**DATA**

☆ ☆ ☆

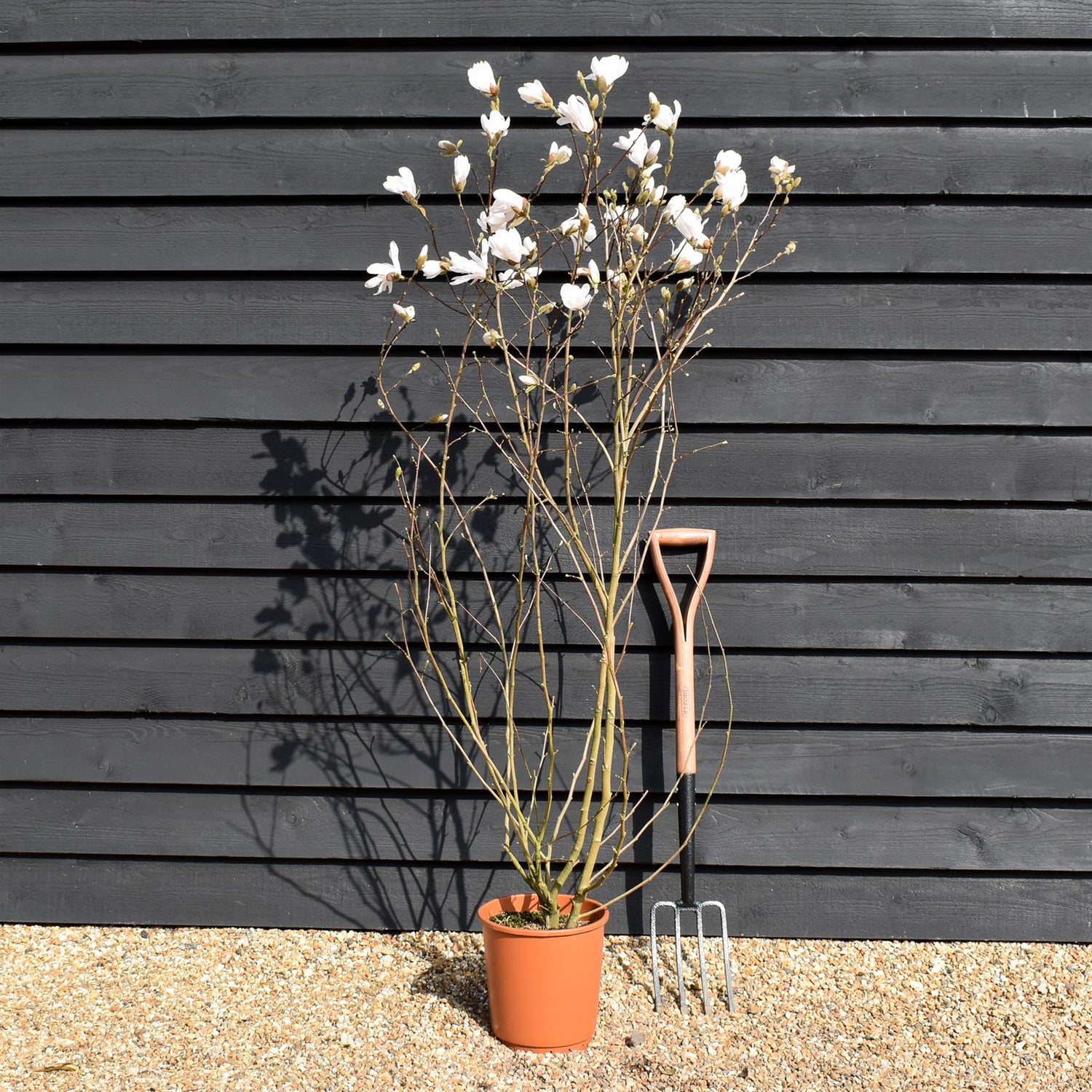 Magnolia Stellata - Bush - 140-150cm -10lt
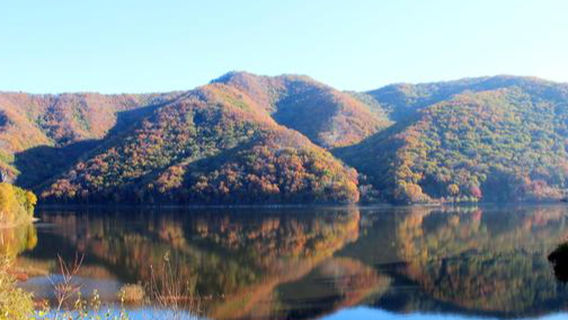 Birch Garden Scenic Area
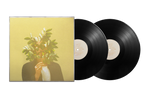 French Kiwi Juice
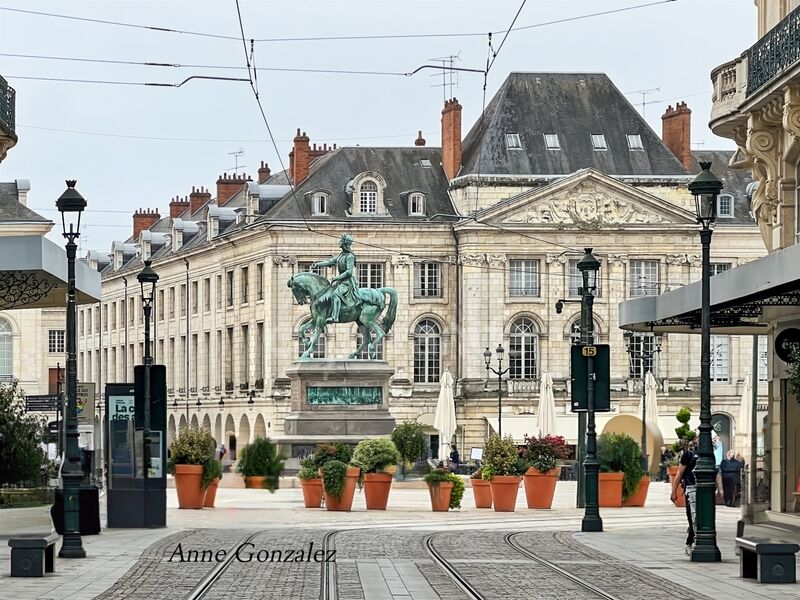 Appartement 5 pièces  à vendre Orléans 45000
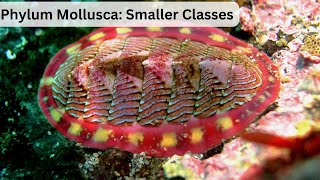 Mollusca Smaller Classes [upl. by Uis]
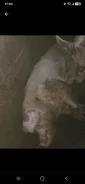 ������. ����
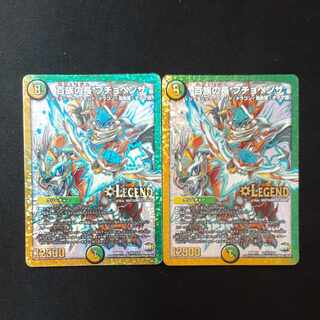 Chief of the Hundred Tribes Puchohenza SE L1(secret)1/L2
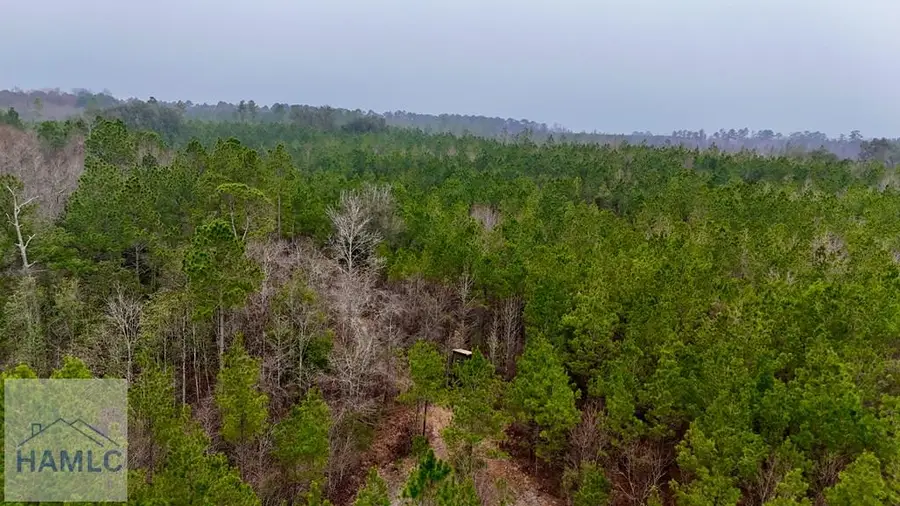 0 Edith Tillman Road, Glennville, GA 30427 - #2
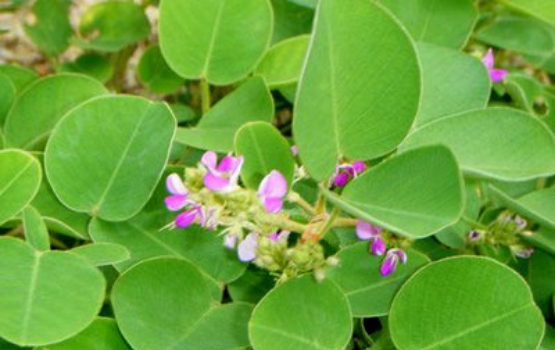 Kim tiền thảo: Công dụng của vị thuốc cho sức khoẻ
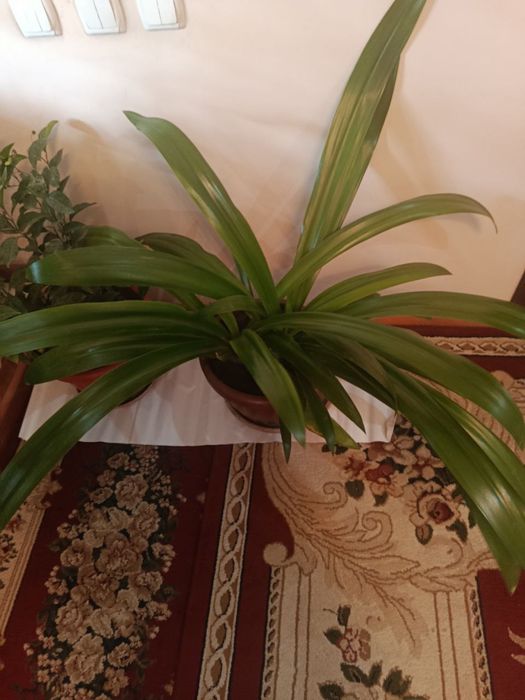 Тувак гул сотилади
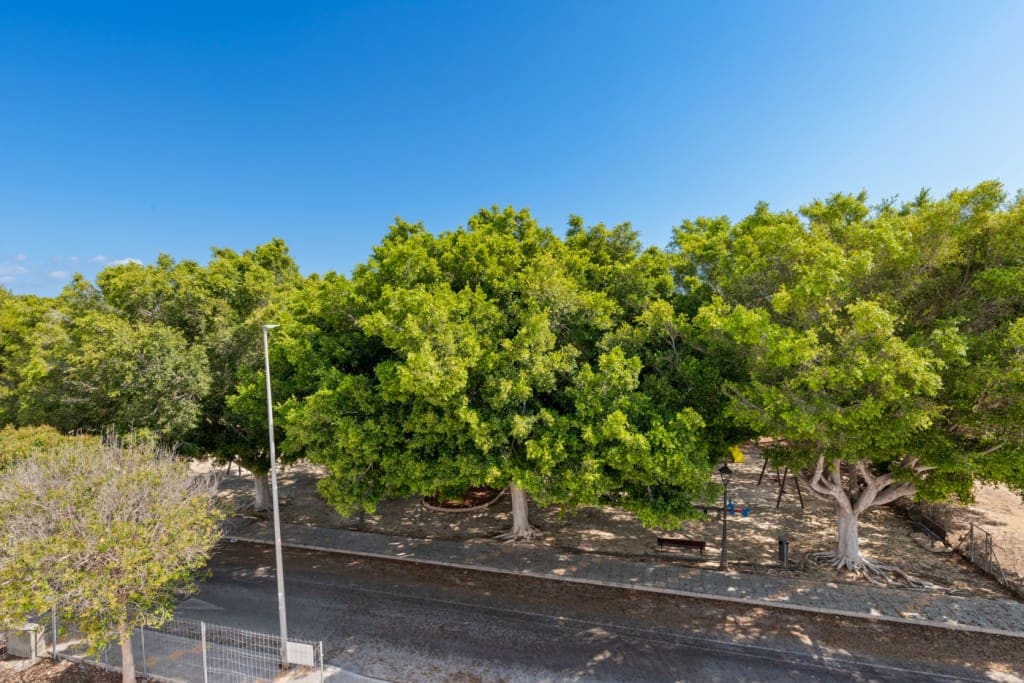 4 soverom Villa til salgs i Pilar de la Horadada - € 729 900 (Ref: 9996819)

☆ ☆ ☆

**YOUR INSTRUCTIONS**
With all pictures excluded, output exactly the lines from the one containing "French Kiwi Juice" through the final line of the entries, inclusive.

**THE ANSWER**
 French Kiwi Juice
 Appartement 5 pièces  à vendre Orléans 45000
 Mollusca Smaller Classes [upl. by Uis]
 ������. ����
 Chief of the Hundred Tribes Puchohenza SE L1(secret)1/L2
 0 Edith Tillman Road, Glennville, GA 30427 - #2
 Kim tiền thảo: Công dụng của vị thuốc cho sức khoẻ
 Тувак гул сотилади
 4 soverom Villa til salgs i Pilar de la Horadada - € 729 900 (Ref: 9996819)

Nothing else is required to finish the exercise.